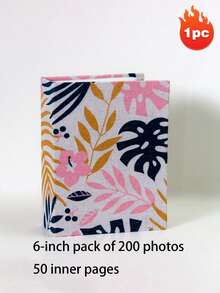 200/100 Pages Large Capacity Creative Photo Album, 6/8 Inch Fabric Surface, Suitable For Family, Fashion Wedding And Family Photo Memory Book, Living Room, Office Decoration, Mother's Day Spring Gift - Multicolor - View 13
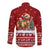 Syria Christmas Long Sleeve Button Shirt with Golden Eagle Emblem Christmas Camel Scene - Wonder Print Shop
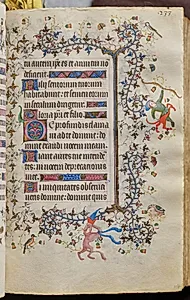 Hours of Charles the Noble, King of Navarre (1361-1425): fol. 117r, Text by Master of the Brussels Initials and Associates (French)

▸ **Exercise instructions**: Could you return exactly the lines starting with the one that contains "Syria Christmas Long" and ending with the last line of the data above? Leave the pictures out.

▸ **Completed exercise**:
 Syria Christmas Long Sleeve Button Shirt with Golden Eagle Emblem Christmas Camel Scene - Wonder Print Shop
 Hours of Charles the Noble, King of Navarre (1361-1425): fol. 117r, Text by Master of the Brussels Initials and Associates (French)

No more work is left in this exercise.